Monday, August 12, 2013

Album review: Same Trailer Different Park by Kacey Musgraves


Although mainstream American country music has plenty of 'young people' it wasn't until listening to Kacey Musgrave's debut album, Same Trailer Different Park, that I realised there aren't that many 'young voices' – by which I obviously mean young songwriters. Those songwriters would exist, of course, but they're not necessarily appearing in the mainstream (yet).

Musgrave is clearly in the mainstream - she has already been the subject of a profile in The New York Times Magazine, her album is on the Mercury Nashville label, a division of Universal, and she has a publishing deal with Warner/Chappell – and thus her cultural context is more Carrie Underwood than Gillian Welch. Accordingly, her album has to be somewhat listened to in that context. And in that context it is remarkable. 

Same Trailer Different Park is a collection of well-constructed songs that tell stories of small towns and small dreams, of disappointments and heartbreaks that perhaps don't break as hard as they should if they'd actually meant something. It is, in its way, a manifesto of a young thinking woman's life - these are her experiences, this is what she has learned, this is what she plans to do again and what she plans never to do again.   

If we pitch this album next to two other releases that have come from young women this year – Melody Pool's The Hurting Scene and Katie Brianna's Dark Side of the Morning – then it is not as intriguing, not as dark nor as joyful, not as lyrically complex, not as interesting.
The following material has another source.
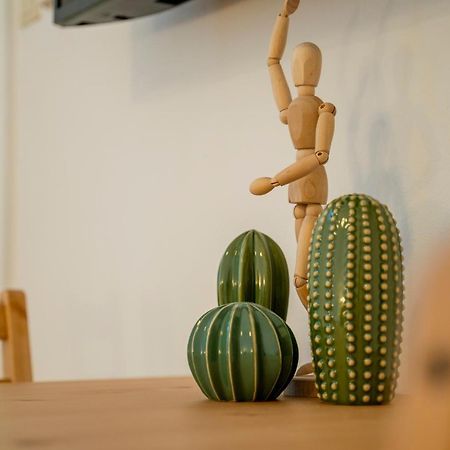Josef'S Home I Comfort Studio I City Center 비엔나 외부 사진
But in Australia, 'mainstream country music' arguably encompasses a much broader range of voices, both melodic and lyrical. In Australia, Kacey Musgraves would not be remarkable. Which, to reiterate, is why context is important.

That isn't to say that there's not a lot for Australian country music fans to like about Same Trailer Different Park – Musgraves's voice is endearingly sincere yet knowing, and her songs have the dismayed wistfulness that can be often be found in young adults who are finally realising that life isn't perhaps all they were led to expect it would be. 

It is also a very accomplished first album. No doubt Musgraves had all the assistance that a big label can offer, but there are plenty of artists who have that and don't produce an album of this standard. It makes me excited to see what she comes up with next, and I'm certainly playing this album regularly. 

This album – along with the others mentioned above, and more still, like Catherine Britt's Always Never Enough – is also a sign that country music as a genre is in the hands of very talented, steady, clear-eyed singer-songwriters who have stories to tell, a conviction that there's an audience for them and the ability to bridge the two. Fans of the genre could honestly not ask for anything more.